## ABOUT THIS TASK
Please keep pictures out and return the lines below exactly, from the one holding "Look is perfectly" through the last, both included.

## SUPPLIED MATERIAL
-------------------------
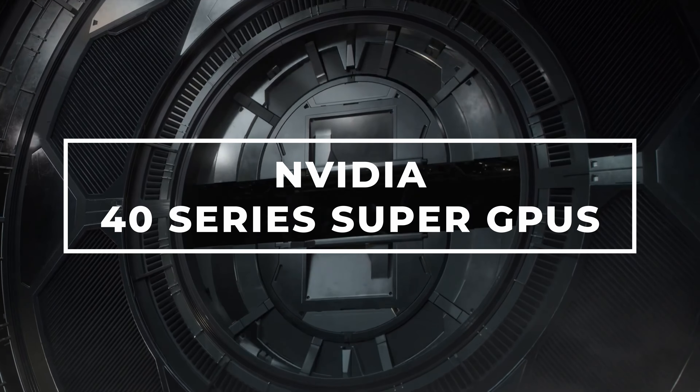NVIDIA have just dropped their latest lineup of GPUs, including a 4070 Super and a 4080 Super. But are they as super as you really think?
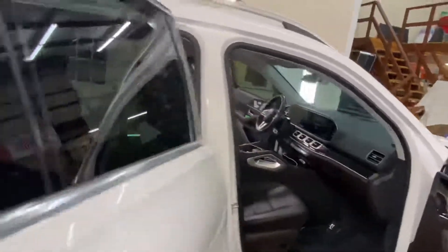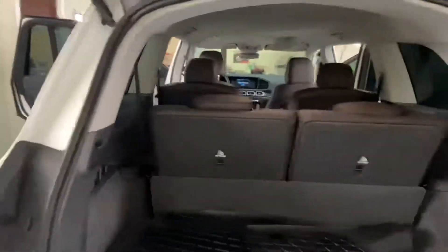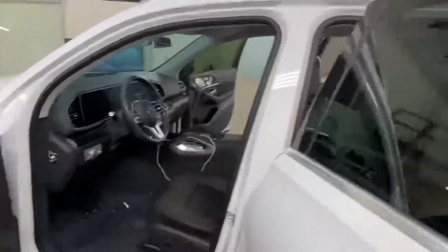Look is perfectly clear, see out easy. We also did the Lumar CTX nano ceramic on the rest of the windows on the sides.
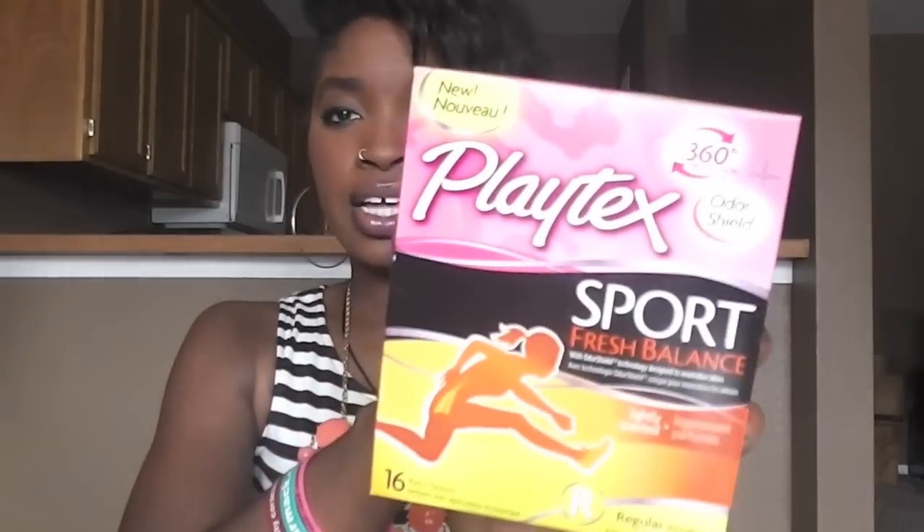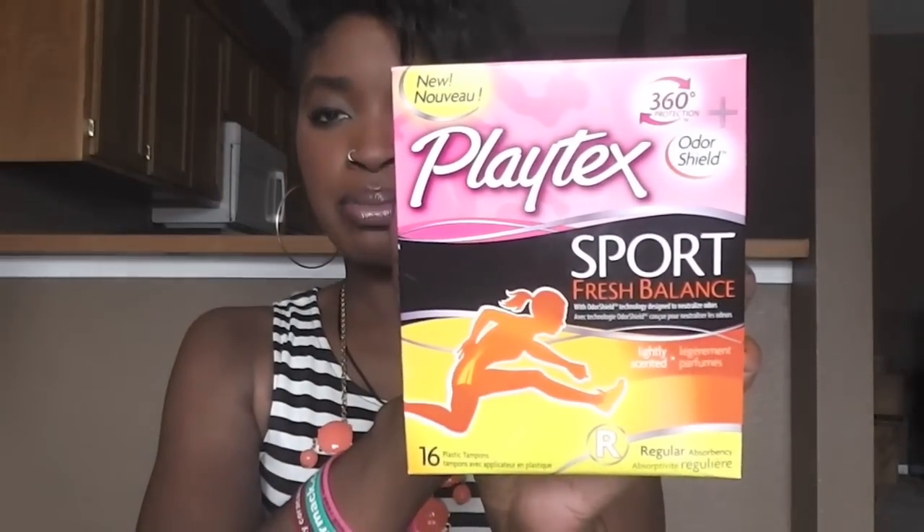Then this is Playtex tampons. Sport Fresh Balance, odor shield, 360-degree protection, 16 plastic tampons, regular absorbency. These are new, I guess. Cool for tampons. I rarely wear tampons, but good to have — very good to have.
-------------------------
## OUTPUT OF THE TASK
Look is perfectly clear, see out easy. We also did the Lumar CTX nano ceramic on the rest of the windows on the sides.
Then this is Playtex tampons. Sport Fresh Balance, odor shield, 360-degree protection, 16 plastic tampons, regular absorbency. These are new, I guess. Cool for tampons. I rarely wear tampons, but good to have — very good to have.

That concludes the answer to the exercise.